I've implemented two way binding in templates, in a proprietary templating/UI language on the JVM. Thymeleaf, iirc, is one way binding. Don't know anything about Jackson, so I can't really say.

When properties are implemented in the language proper then wiring everything together is much cleaner: find references, etc, all "just work". If not, there is a distinction between the template language and the host language that has to be addressed with tooling, or (usually) ignored.

One thing that's a bit unclear to me about properties, as described in this article, is how they should behave with respect to serialization.

For instance, in C#, both System.Text.Json and Newtonsoft.Json will get and serialize all properties, regardless of whether they are virtual "projections" (like the "red" property in the article's RgbColor example) or "plain" properties. Similarly, all properties are deserialized and set when doing the reverse.

This has the consequence that you may have redundant information in your serialization format. That's not the end of the world, and in fact there are some use-cases for this. The bigger consequence is that you can have redundant and conflicting information in the serialized data you read in.

For instance, adapting the author's example to C#:

https://try.dot.net/?fromGist=1bb01bd2b78a3212c52b40ff7955c0...

You get a different deserialization result depending on the order of the properties in the JSON, because the last property wins and the properties are mutually inconsistent with respect to the underlying data model.

Is the conclusion from this that objects which you intend to serialize should avoid using this "properties" feature, or else be extremely deliberate about what properties to include in the serialization format?

This is an interesting question, I was not aware of this behavior in C#. It looks like the solution is to use annotations to specify a property as being ignored.

The intended behavior is to serialize all fields of an object (some properties have backing fields, others don't).
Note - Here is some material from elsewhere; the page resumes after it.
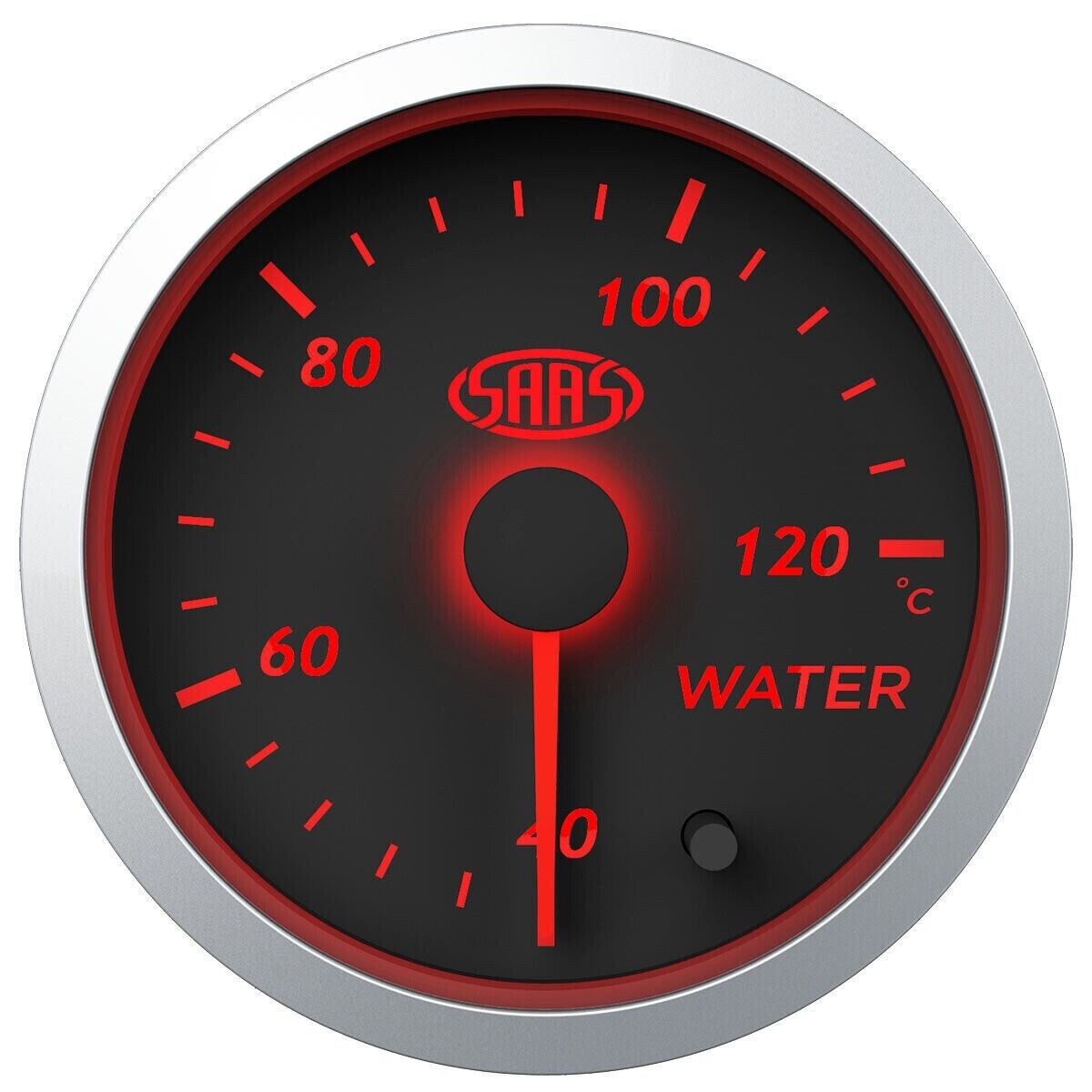 SAAS Streetline Series Water Temp 40>120 Deg C 52mm Gauge Black Face 7 Colour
You wouldn't serialize properties themselves for the same reason a getter/setter on it's own wouldn't be serialized - only the data stored.

Put simply, I would say C# has the wrong default behavior here.
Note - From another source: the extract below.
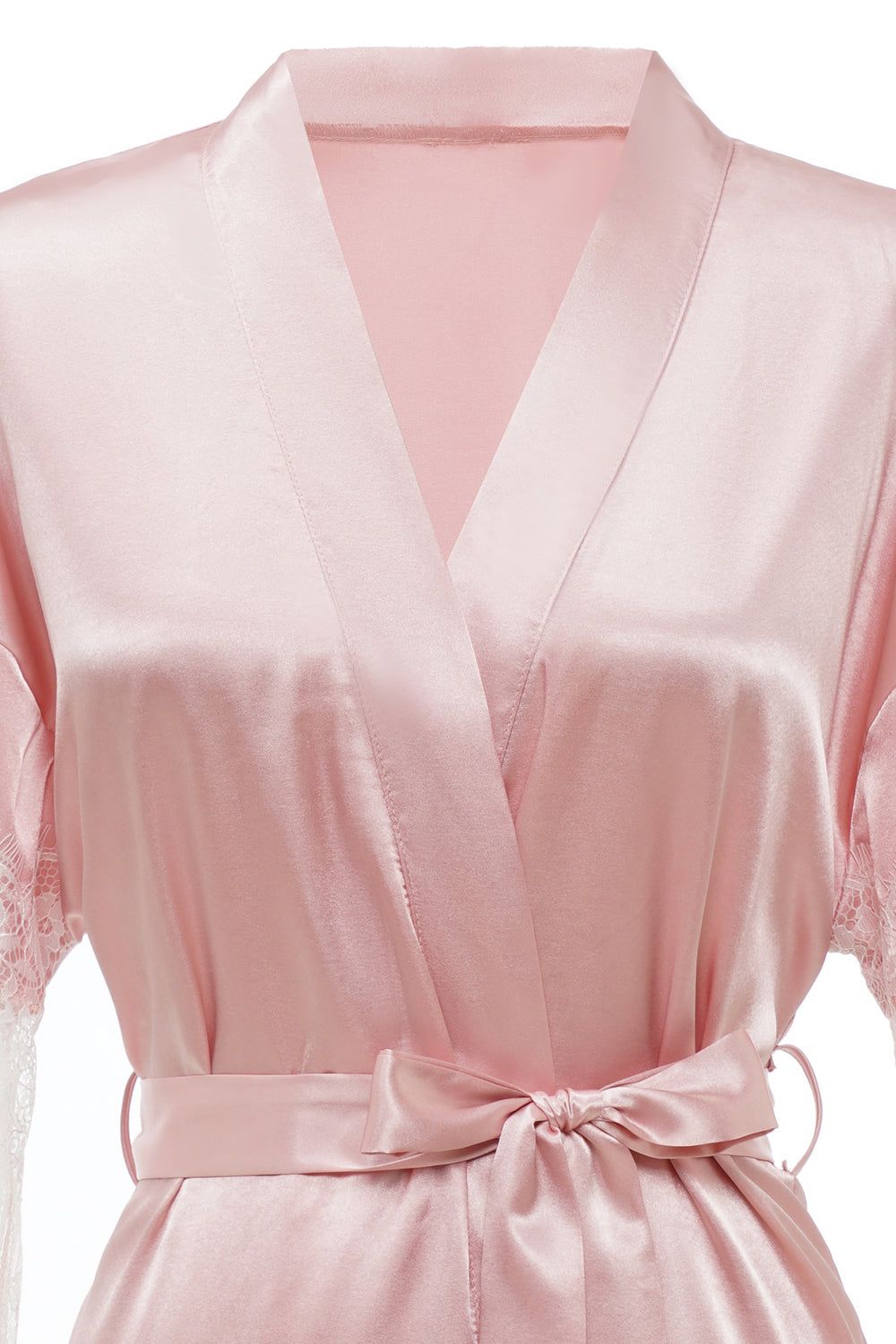 Pink Bridesmaid Robe With Lace sold by Zapaka product image thumbnail 4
I don't know about JSON but the XML serialisation code checks for a DefaultValue attribute and if the value is the default it ignores it on serialisation. You can also ignore properties if they don't need serialisation.

Your example looks sloppy but it can get messy as the project evolves. I had some code where I mistakenly removed some XmlAttribute attributes in one release and it was painful to resolve in the next release.
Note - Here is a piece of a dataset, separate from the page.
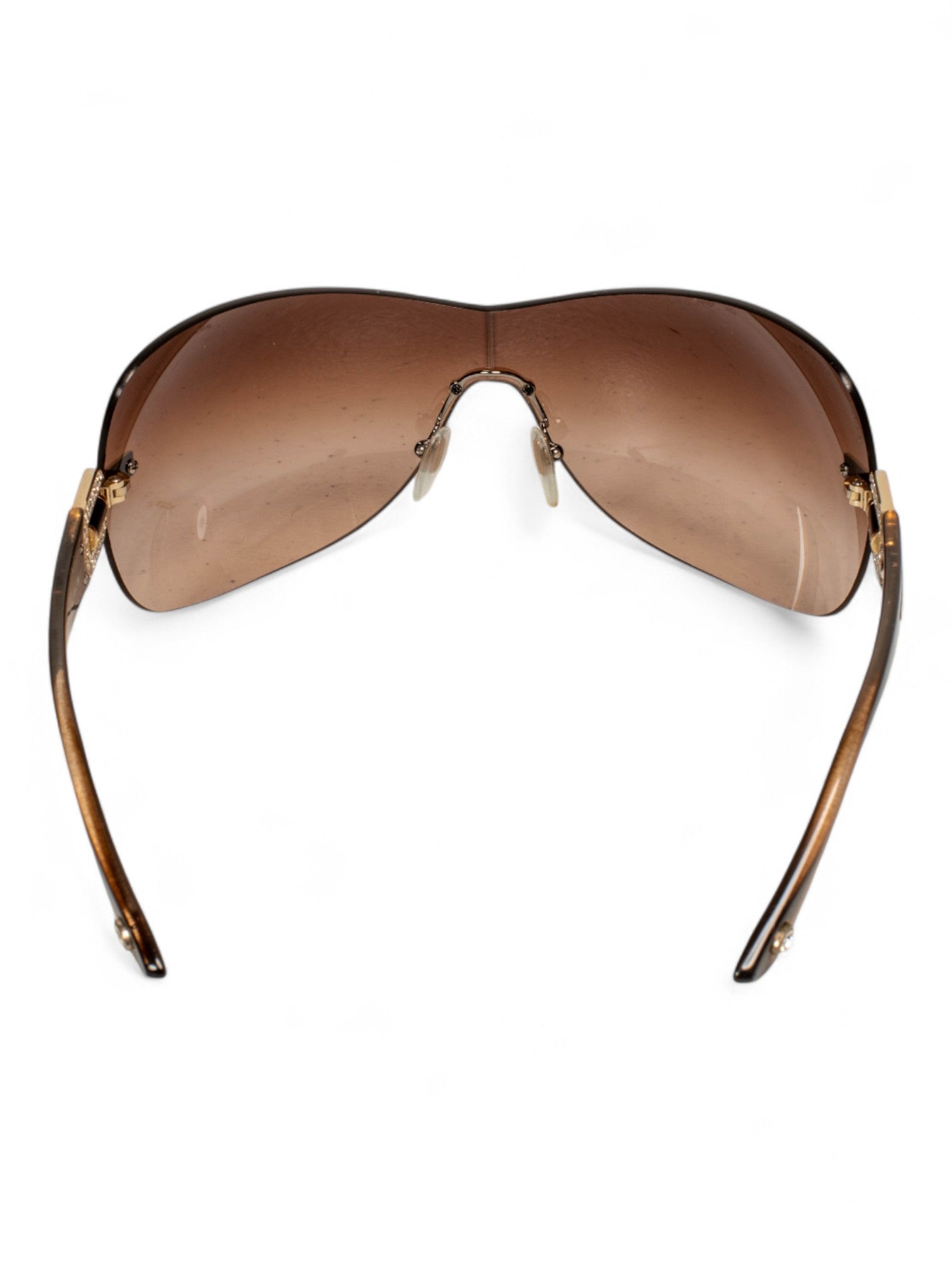 BROWN SHIELD RHINESTONE SUNGLASSES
Having said that I will still use it again, just carefully.

In order to produce code with some agility, it is best to keep data private, adhere to SOLID and have serious thoughts about what complexities you need to introduce when.

I don't see any actual need for properties, when the same effects apart from syntactic sugar can be had using methods, but one really shouldn't.

The idea being not to optimize writing code once, but greater and easier ability to read and change code later.

This puts me in a camp where I don't think it's a great idea to always tie process objects to serialization formats and APIs either. Certainly, layers and MVC would require serious explanation why enforce these structure in code other than theoretical handwaving, ie. what is the value now? Hexagonal and clean architecture? Later, maybe.

Of course, put in front of C# or anything enterpricey, there's no choice but to engage in these things.

I used to feel this way, not for things like "validation on assignment" which is a terrible idea for so many reasons, but because it allows you to build things like dependency graphs and change watchers at runtime (think mobx, or Adobe Flex's bindables system)... But these days, I think we'd be much better suited to moving most of this work to build-time tooling.
Soo, Smalltalk messages are back? :)
Yes! I wanted to address this idea in the article, but it didn't make the final cut as I didn't think it added much to the points being made. Moving away from direct field access and only using functions is definitely in line with the Alan Kay OOP model.
Properties in modern languages?

They made their debut in Eiffel and Delphi, so 90's post modern.